Setting Up a Data Center in Thailand: Key Legal and Practical Insights


Following a recent announcement by a leading global technology firm (Mircosoft) of its intention to establish an international data center in Thailand, the importance of understanding the regulatory landscape relating to data centers in Thailand has intensified. The  investment in question is expected to significantly enhance the prominence of AI and substantially boost Thailand’s GDP in question and development, aligning  with the government’s digital innovation initiatives.

A data center is a specialized facility that houses computer systems and associated components, such as telecommunications and storage systems. Data centers play a crucial role in the digital infrastructure of modern businesses and organizations, facilitating efficient data management and IT operations.
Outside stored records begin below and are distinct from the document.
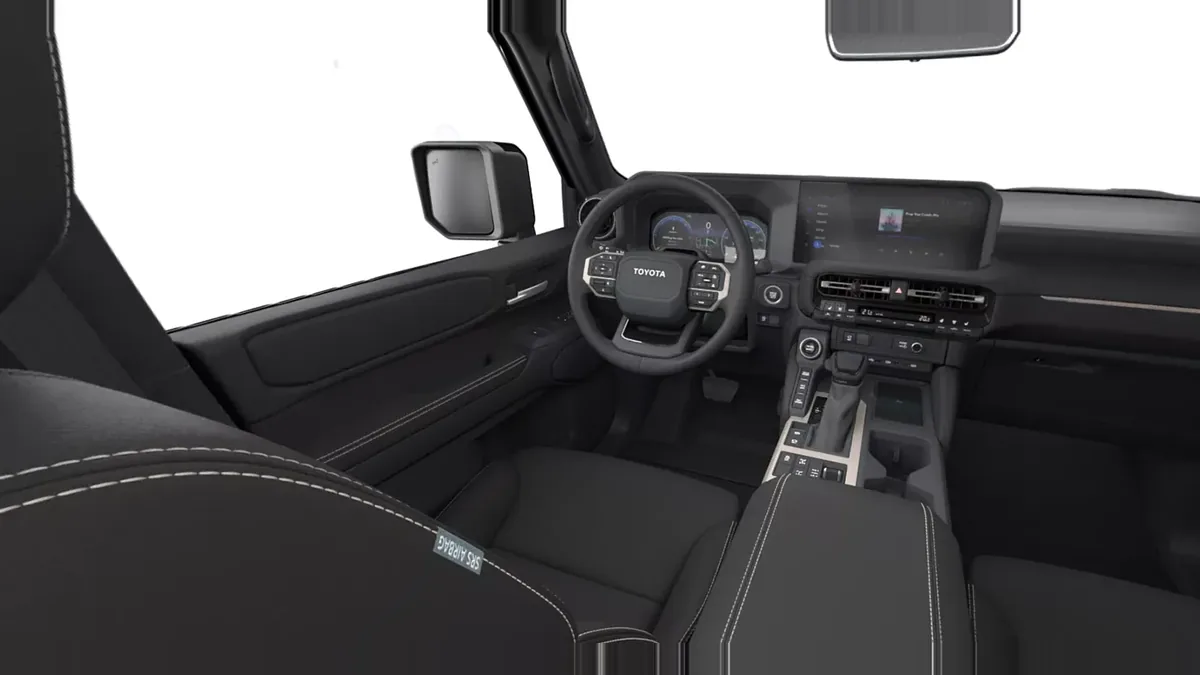 Toyota Land Cruiser 250 Hybrid 48V VX en renting en Elche — Interior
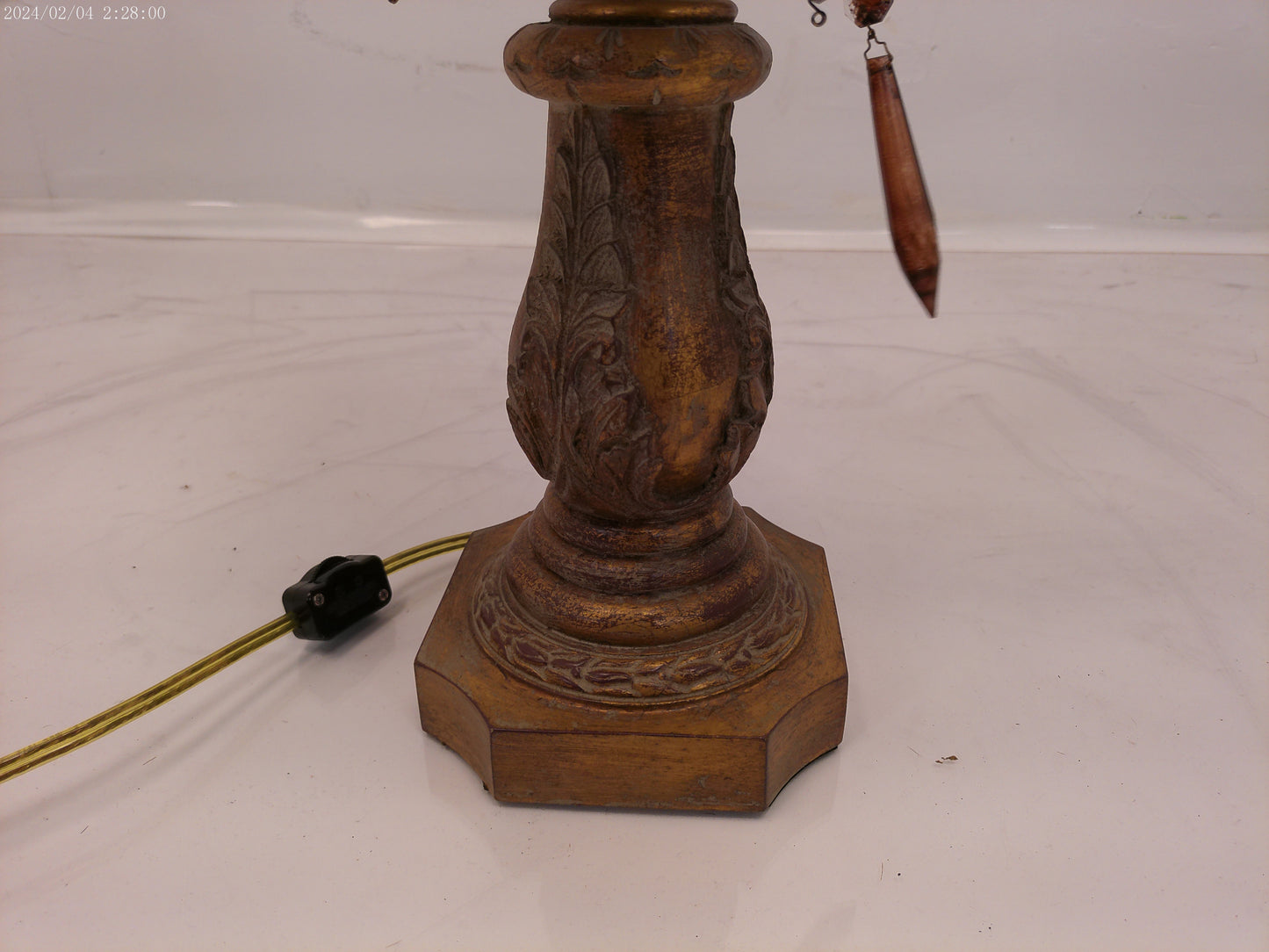 Unique Metal Decorative Design Lamp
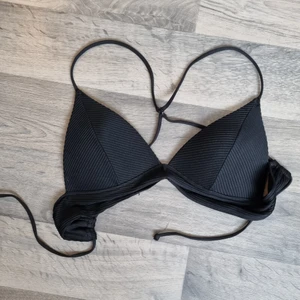 Bikinitopp med strappy back - Bikinitopp med strappy rygg. Använd 1 gång 🖤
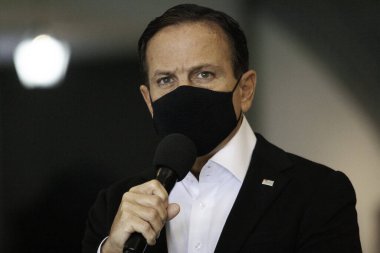 Sao Paulo hükümetinin koronavirüs salgınıyla ilgili basın toplantısı. 7 Mayıs 2021, Sao Paulo, Brezilya. Sao Paulo Valisi Joao Doria (PSDB), Sao Paulo 'nun genel merkezi olan Palacio dos Bandeirantes' de düzenlediği basın toplantısında 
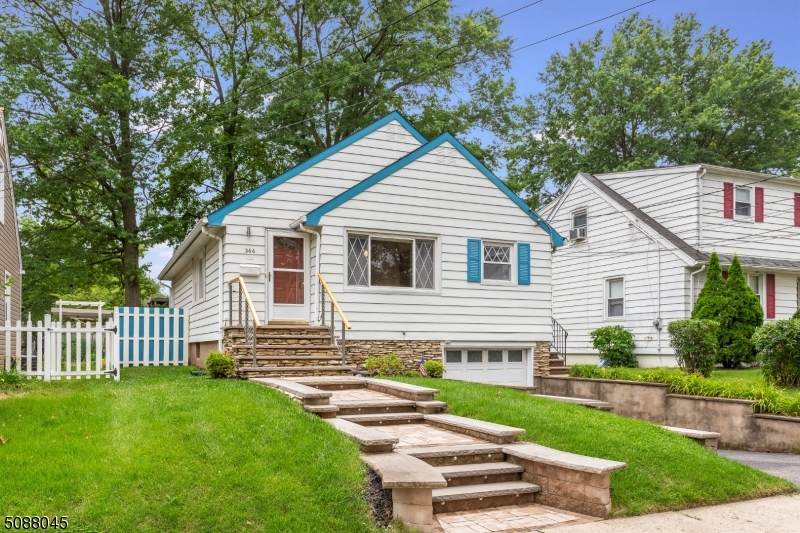 266 Linden Place - Photo 1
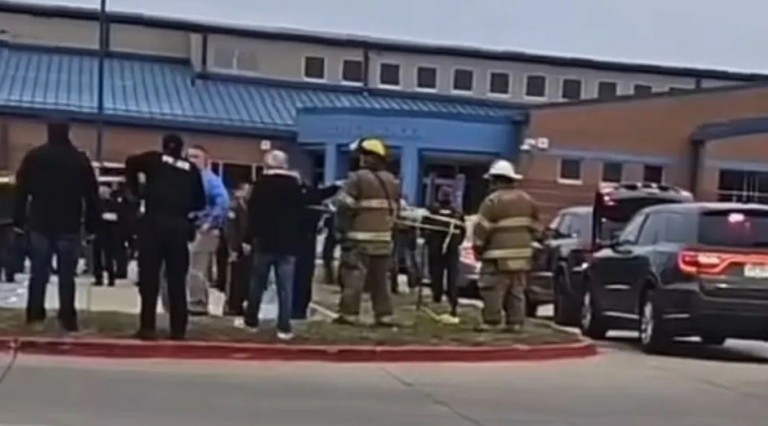 ΗΠΑ: Πυροβολισμοί σε σχολείο στην Αϊόβα – Φόβοι για πολλά θύματα (tweet) (upd)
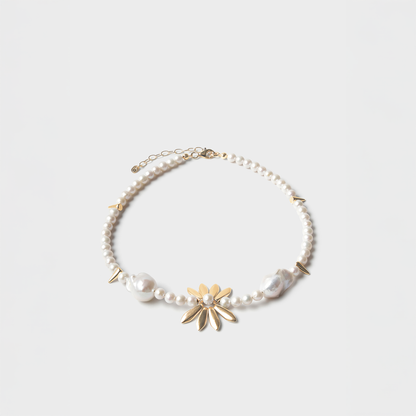 Naszyjnik z płatkami kwiatów i perłami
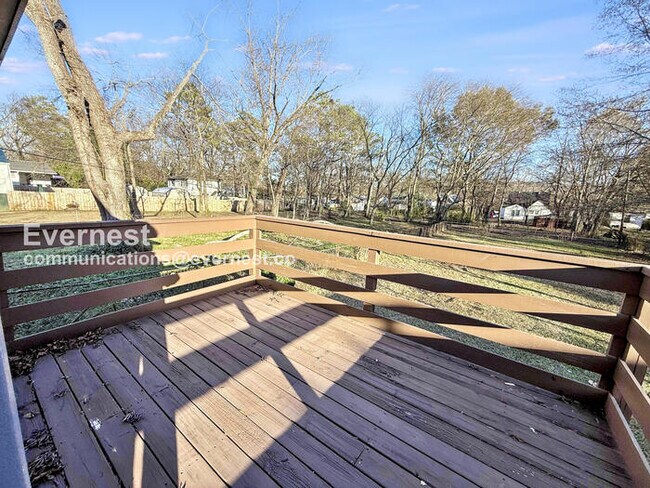 Building Photo - Limited Time Special Offer - Split your security deposit payment. 3 Bed/1 Bath Home with Fenced Y...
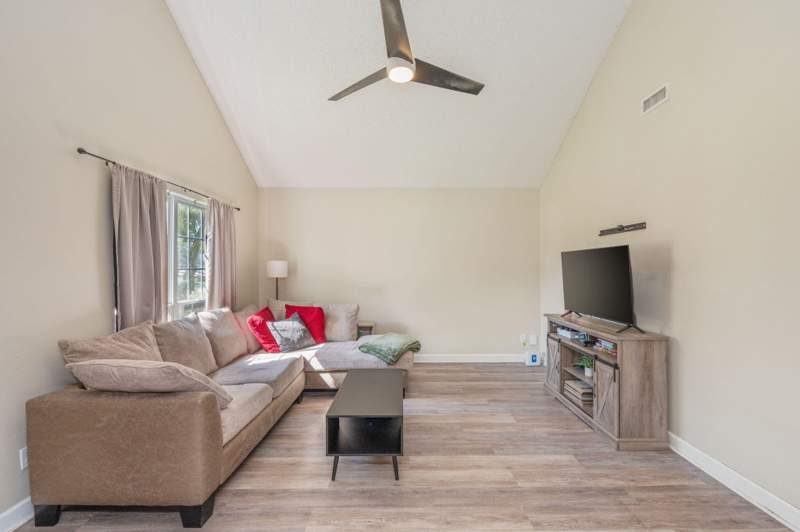 2 bedroom Detached Single Family at 627 Lloyd Street, Candlewood Village, Fort Walton Beach — photo 4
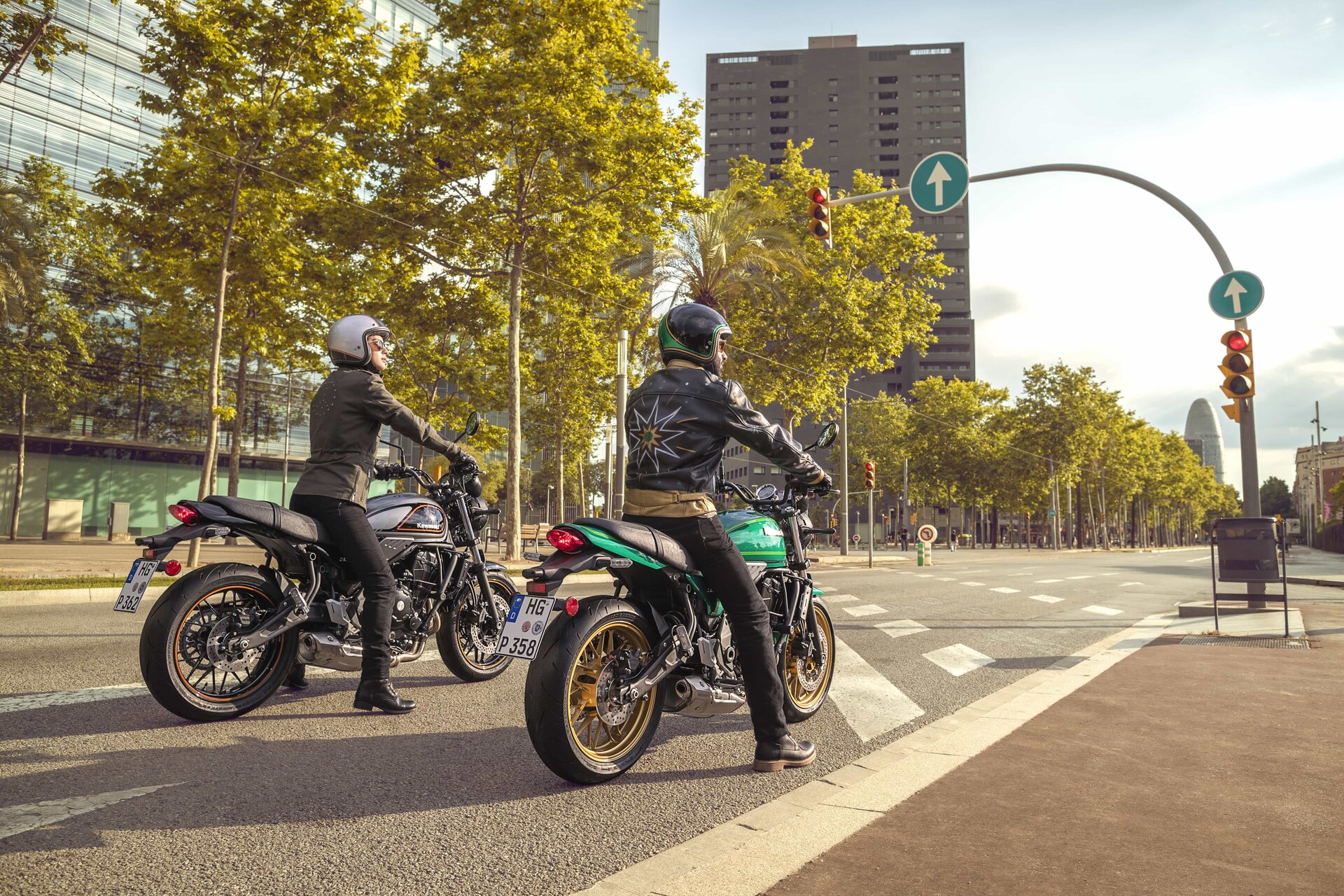Kawasaki Z650 RS: le foto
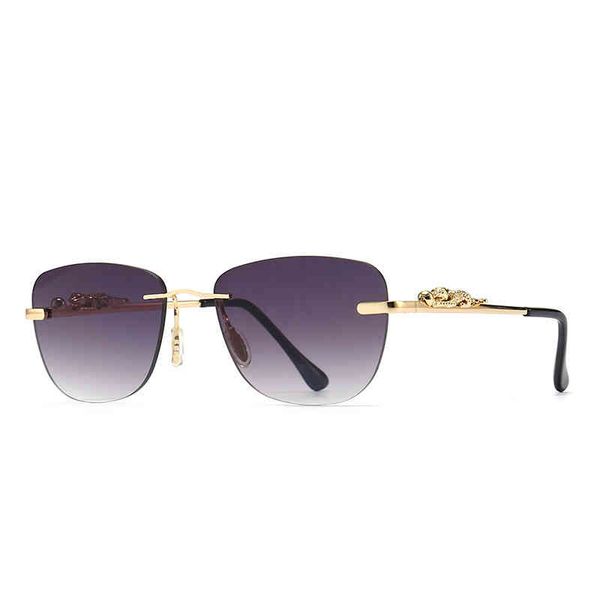 

2022 spring metal jumping leopard decorative charm glass fashion show sunglass 1236, White;black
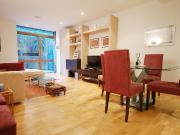 2 bedroom property in Pulse Apartments, 52 Lymington...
They typically include redundant power supplies, data communications connections, and security devices.

This article discusses what regulations will likely apply in Thailand with respect to establishment and operation of data centers.

Legal Framework

  • Personal Data Protection Act B.E. 2562 (2019), as amended (PDPA)

Data maintained and processed at data centers may  include “personal data” of individuals and as such the key regulations and guideliness for the protection of such personal data in Thailand are the PDPA and the various regulations and guidelines issued by the Personal Data Protection Committee established under the PDPA.  These all pertain to the duties and responsibilities relating to the collection, processing (use) and disclosure or distribution of personal data (including the rights of individuals with respect to their personal data (referred to as “Data Subjects”))  issued by defined “data controllers”, “data processors”, “data protection officers” and others.

  • Electronic Transactions Act B.E. 2544 (2001), as amended (ETA).

Cloud computing services areregulated by the ETA and have been categorized by Announcements of the Electronic Transactions Committee into:

–  Infrastructure as a Service (IaaS): Includes essential computing resources like data storage and network systems, which allow users to efficiently use software without managing the underlying infrastructure.

–  Platform as a Service (PaaS): Offers computing platforms and databases which enable users to develop, run, and manage applications without having to deal with the complexity typically associated with building and maintaining the infrastructure

–  Software as a Service (SaaS): Involves providing software applications as a service, where users can configure and use software over the internet without involvement with its hardware.

  • Cloud Computing Guidelines B.E. 2562 (2019), as amended (CCG).

The CCG guidelines, issued by the Electronic Transactions Committee, recommend practices for cloud computing usage. The guidelines address IT safety, service efficiency, security measures, and data management, and establish a framework as to how data centers operate within the country.

  • AI Governance and AI Act (AI Act) (draft currently in progress).

With artificial intelligence (AI) integration on the rise, a draft AI Act is under development.  As data centers will integrate AI aspects, the AI Act when final will certainly apply to the  operation of data centers in Thailand.  The current draft of the AI Act focuses on AI system registrations, setting up AI testing centers, developing AI standards, and establishing a fund for AI-related damages, indicating a structured approach to AI regulations.

 Practical Considerations

 While specific AI-related licenses are not currently required, setting up a data center will also certainly involve securing general business operation licenses, building permits, and environmental approvals. As regulations evolve, particularly with the anticipated AI Act, data center operators must stay informed to align with new legal standards.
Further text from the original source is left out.